The day I can put it in my wallet in a credit card slot is the day they should probably stop.
As long as a credit card is 4.7 or 5.5 inches big.
Then you'll need the iWallet Air.
The day I can put it in my wallet in a credit card slot is the day they should probably stop.
As long as a credit card is 4.7 or 5.5 inches big.
Then you'll need the iWallet Air.
The 5 is already pretty damn thin. I have to imagine that we must be reaching a point of diminishing returns here soon. If we keep moving toward credit card thickness (but the same HxW), it doesn't get that much more portable and it just gets harder to hold.
Hopefully the attention gets shifted to bezel death or battery life at that point. I mean, am I wrong - does anyone here even *care* about an even-thinner phone?
Might save up and get the iWallet Pro instead.
It is plenty thin enough. Let's put THICKER BATTERY in the darn thing so I can use it all day.

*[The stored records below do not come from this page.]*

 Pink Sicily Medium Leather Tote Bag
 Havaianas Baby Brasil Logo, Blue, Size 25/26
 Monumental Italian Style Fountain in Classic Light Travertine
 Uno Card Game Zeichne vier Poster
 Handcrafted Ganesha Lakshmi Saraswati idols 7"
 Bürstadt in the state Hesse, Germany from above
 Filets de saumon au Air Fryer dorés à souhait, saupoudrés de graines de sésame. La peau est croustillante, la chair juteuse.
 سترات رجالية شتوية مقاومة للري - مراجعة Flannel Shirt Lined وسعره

My thought is that once you get as thin as the 6 is, you don't even really *want* it thinner.
Even if it was indestructible, a 3 mm phone would just be a pain in the ass to hold. Not to mention too thin for headphones, buttons, etc.

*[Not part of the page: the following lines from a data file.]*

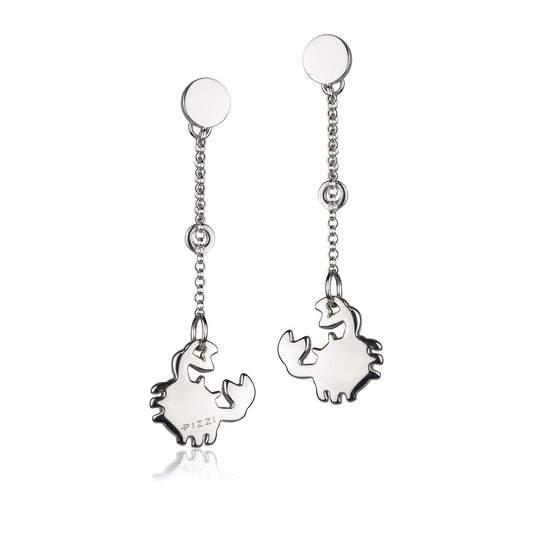 Orecchini in Argento a catena Pendente Granchio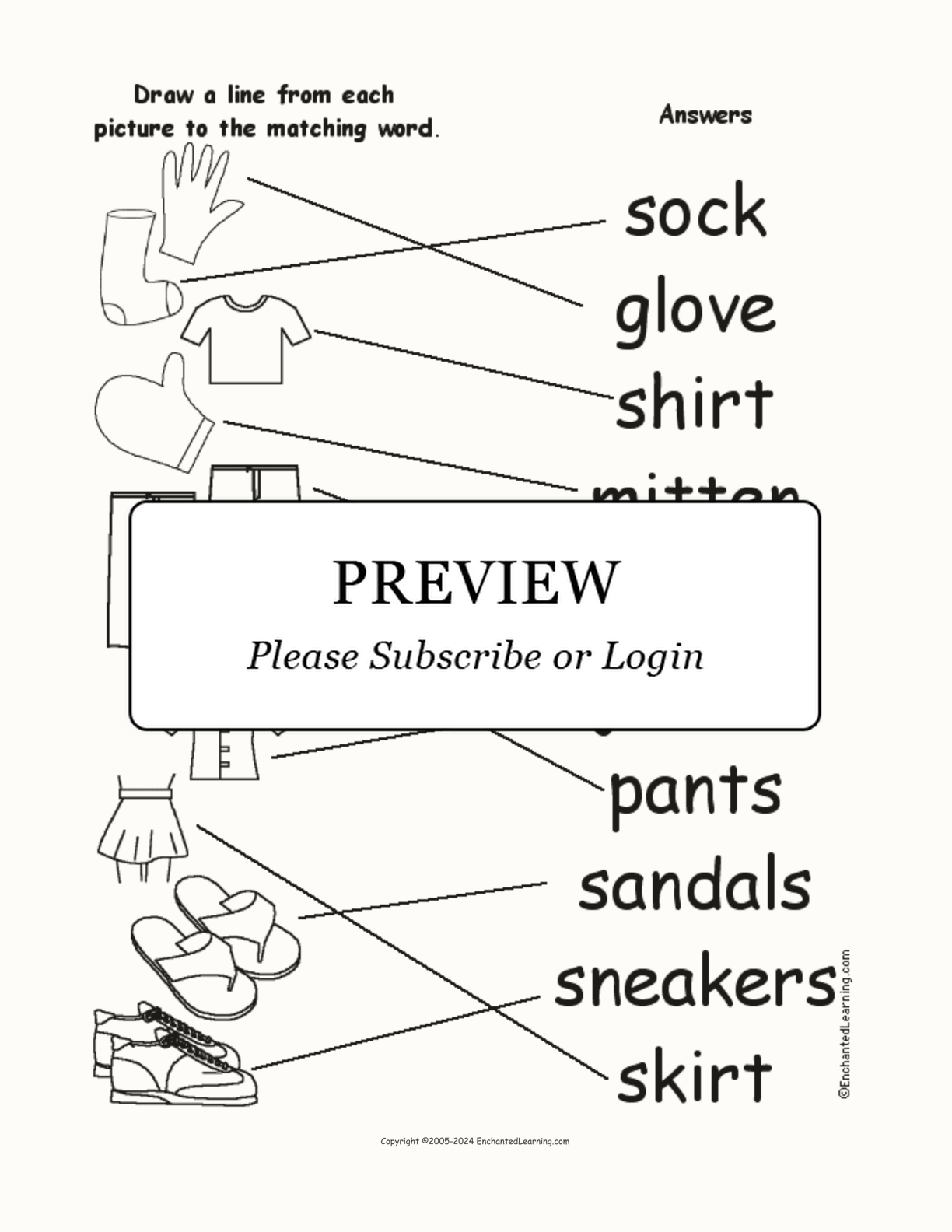 Match the Clothing Words to the Pictures interactive worksheet page 2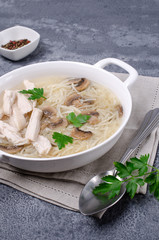 Thick soup with noodles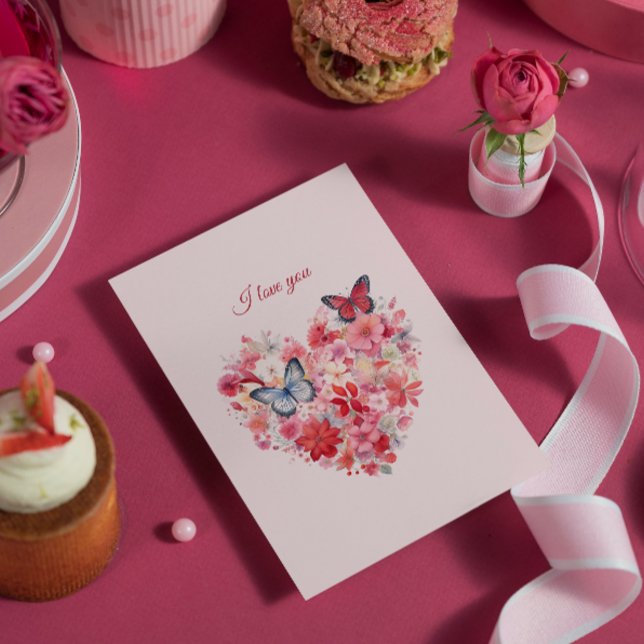 Cartão De Festividades Amor que Bate Asa | Texto e Nome Personalizado (Criador carregado)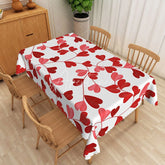 Aperturee - Aperturee Red Heart Vine Rectangle Tablecloth Romantic Leafy Love Table Cover Wedding Anniversary Home Decor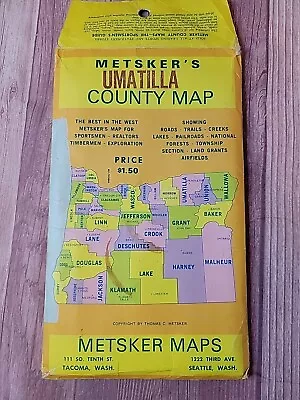 Metsker’s Umatilla County Map Oregon Vintage Sportsmen's Guide • $9.99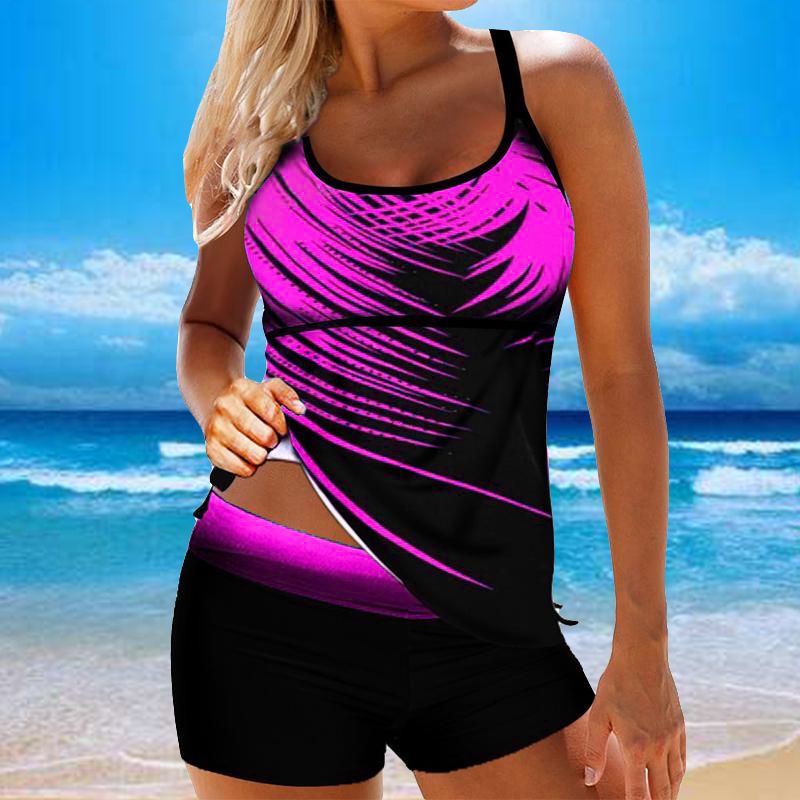 Women Tankini Beach Print Backless 2 Piece Swimsuit Fashion Spaghetti S Female Bathing Suit Swimwear WA00992-PINK KIP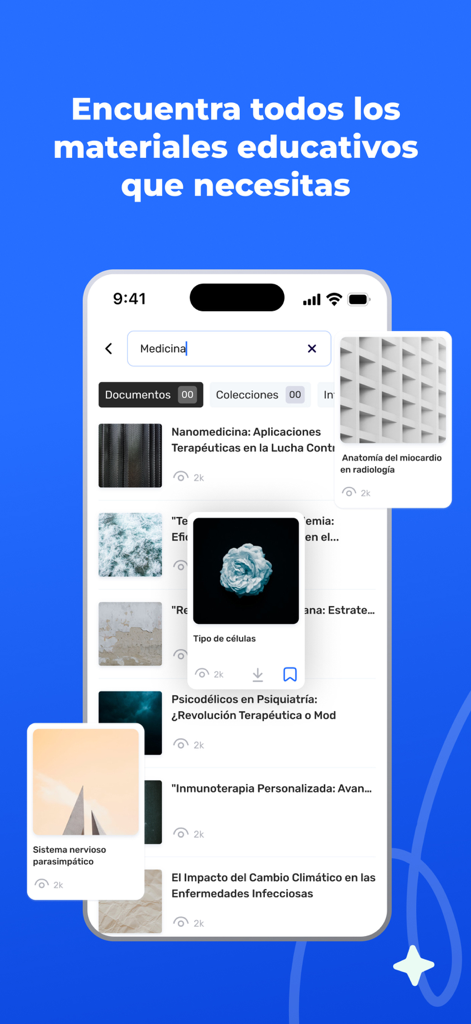 Pantalla de smartphone mostrando la aplicación uDocz buscando materiales de estudio de medicina en español.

So once we get to that point, we might as well just start adding stuff like battery life or whatever else you can cram in. Right?

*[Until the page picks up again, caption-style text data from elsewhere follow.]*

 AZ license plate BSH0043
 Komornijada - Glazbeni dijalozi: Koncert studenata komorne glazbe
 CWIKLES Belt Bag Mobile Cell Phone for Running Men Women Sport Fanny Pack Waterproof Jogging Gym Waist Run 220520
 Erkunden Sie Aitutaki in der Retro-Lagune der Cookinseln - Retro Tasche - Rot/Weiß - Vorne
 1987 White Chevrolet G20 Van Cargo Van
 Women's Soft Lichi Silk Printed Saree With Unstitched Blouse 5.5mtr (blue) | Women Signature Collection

The upcoming Galaxy Alpha is supposed to be thinner than the iPhone 6. I wonder how they're approaching the battery?
Much thinner and you'd need to slide it to the edge of a table to pick it up. If it was in a box you'd need to invert it or use a knife to pry it up.
Much thinner and you'd need to slide it to the edge of a table to pick it up. If it was in a box you'd need to invert it or use a knife to pry it up.
If you're shrinking components to fit in a smaller form factor that's fine but if you used the same smaller components in the same form factor and with a larger batter it would certainly be popular.
Hopefully it will uphold the fine traditions of the Galaxy range and be removable. That way genuine replacements are cheap as chips and people can own two. I doubt it will be too low powered for comfort anyway.
I know of no one in my vicinity who carries an extra battery for their Android phone. I think it's an overhyped marketing point.
If you need to, you can though. If the battery was anything like my iPhone then I know I would.
The battery is easily replaceable, whether you swap out batteries to keep a charge going, or if yours declines in capacity and you simply want to freshen your phone up - the facility is there. Genuine Samsung batteries can be purchased in retail packaging from proper shops, there is none of the bother that iPhone owners experience. Surely you can't see that as anything but a positive?